Copy the listing below exactly, but skip the pictures.

◆ ◆ ◆ ◆ ◆ ◆ ◆

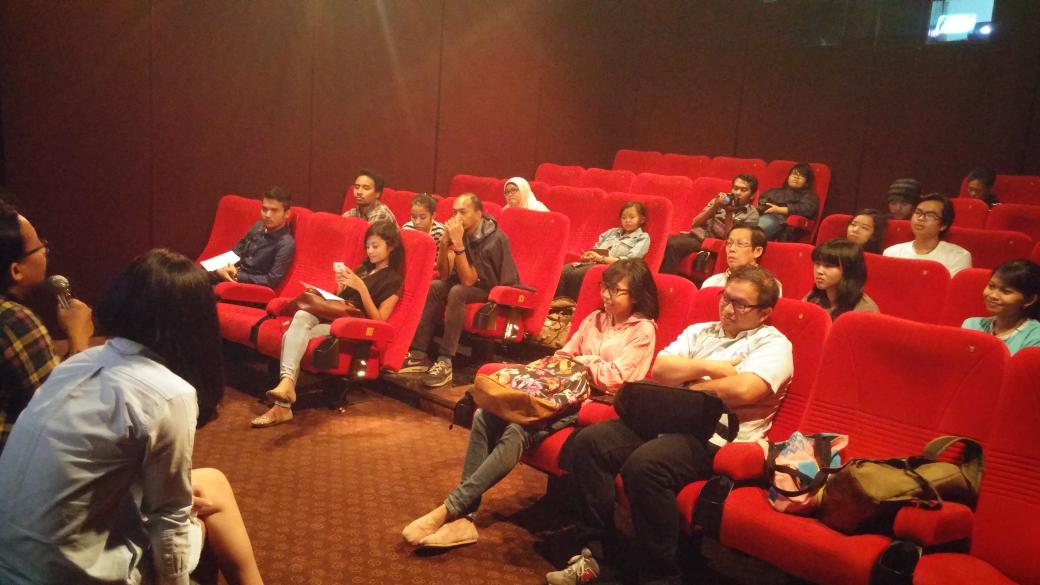 rakettifilms's tweet photo. "Bikin film musti happy." @yopextreem @kineforum http://t.co/Oti3dIU9lL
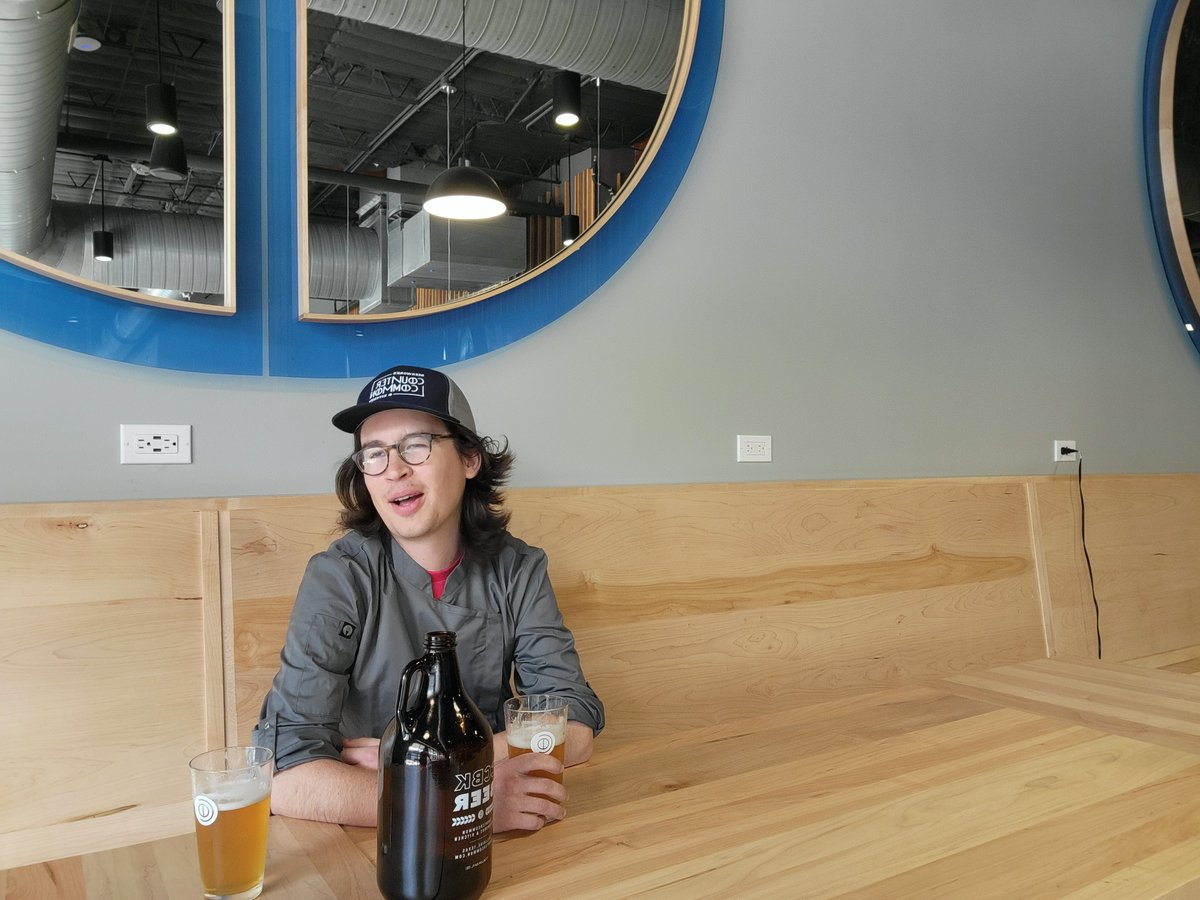 CounterCommon's tweet photo. 🎤We'd like to introduce two very special people from our team! This is our Executive Chef, Iggy, and our Service and Events Manager, Timely.🎤
#CCBK #BellaireTX #BellaireTriangle #Houston #HOU #brewpub #brewhouse #stainlesssteel #beer #craftbeer #restaurant #LiveCounterCommon https://t.co/DbLG8Ff4bl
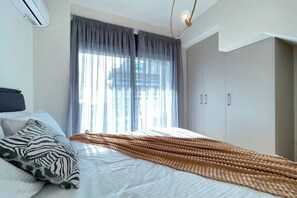 2 bedrooms, WiFi - Athenean Modern Escape near Marina Flisvos-F2 (Paleo Faliro)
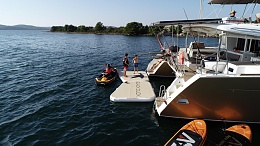 Click image for larger version

Name:	Black Duck yacht beach1.jpg
Views:	419
Size:	195.8 KB
ID:	203189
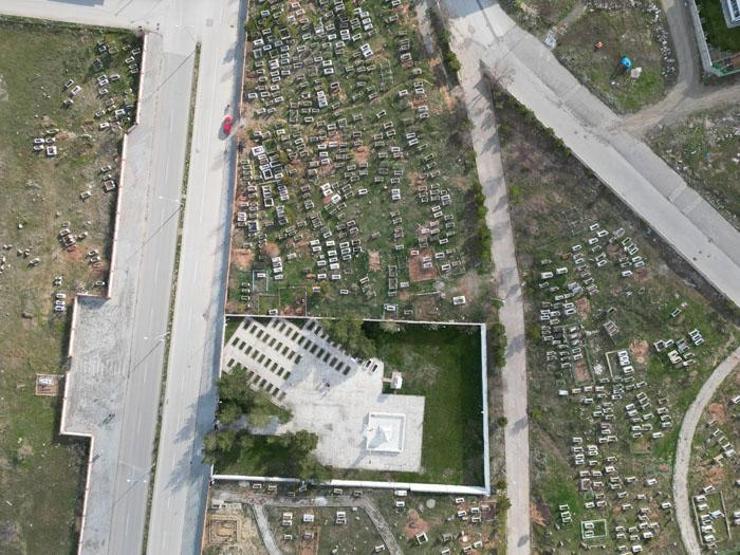 Mezarlıkta kıble karışıklığı İlçedekiler fark etti: Dron uçurup gösterdiler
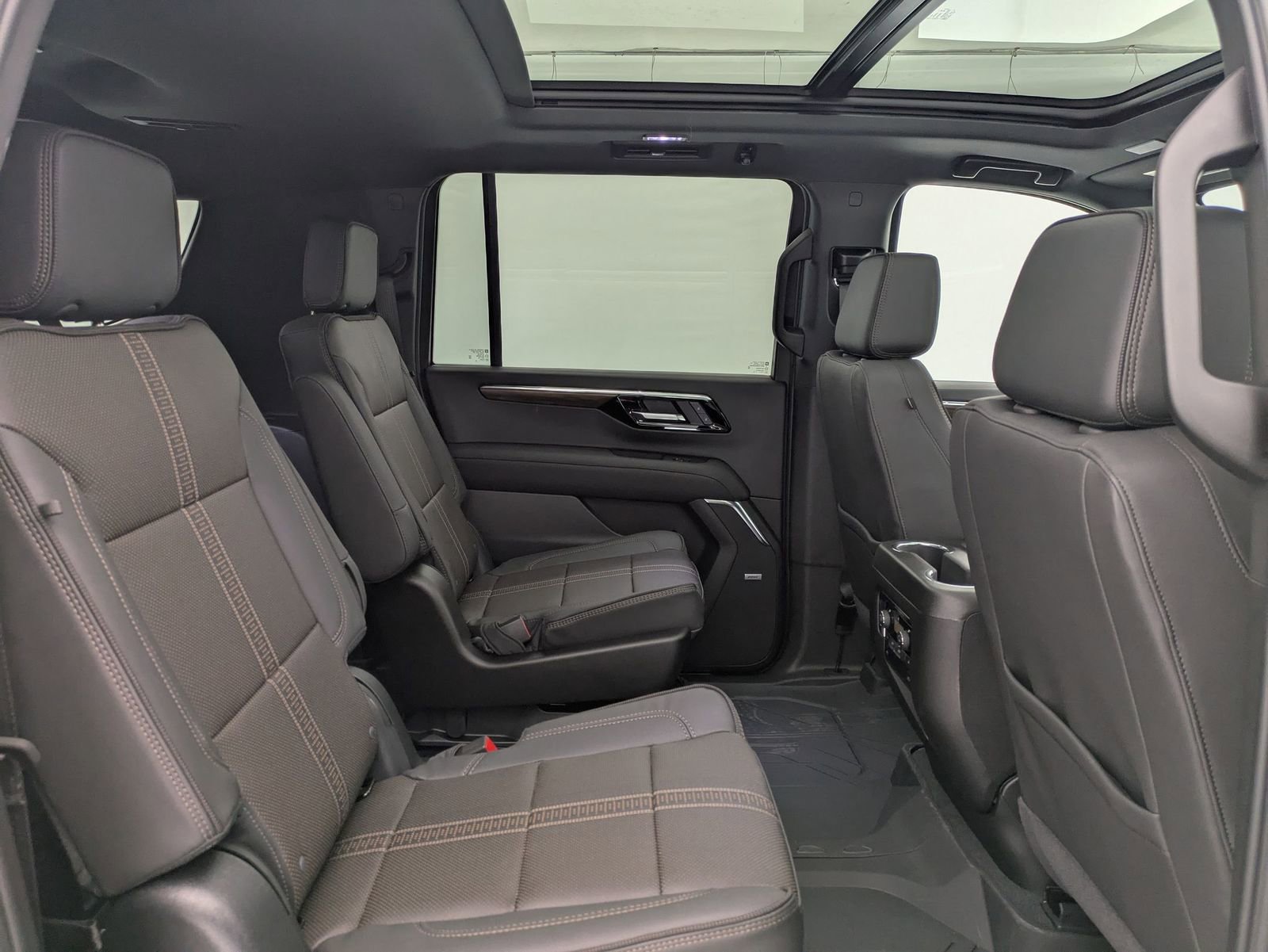 Thumbnail: 2026 Chevrolet Suburban - 22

◆ ◆ ◆ ◆ ◆ ◆ ◆

> Output below
 rakettifilms's tweet photo. "Bikin film musti happy." @yopextreem @kineforum http://t.co/Oti3dIU9lL
 CounterCommon's tweet photo. 🎤We'd like to introduce two very special people from our team! This is our Executive Chef, Iggy, and our Service and Events Manager, Timely.🎤
#CCBK #BellaireTX #BellaireTriangle #Houston #HOU #brewpub #brewhouse #stainlesssteel #beer #craftbeer #restaurant #LiveCounterCommon https://t.co/DbLG8Ff4bl
 2 bedrooms, WiFi - Athenean Modern Escape near Marina Flisvos-F2 (Paleo Faliro)
 Click image for larger version

Name:	Black Duck yacht beach1.jpg
Views:	419
Size:	195.8 KB
ID:	203189
 Mezarlıkta kıble karışıklığı İlçedekiler fark etti: Dron uçurup gösterdiler
 Thumbnail: 2026 Chevrolet Suburban - 22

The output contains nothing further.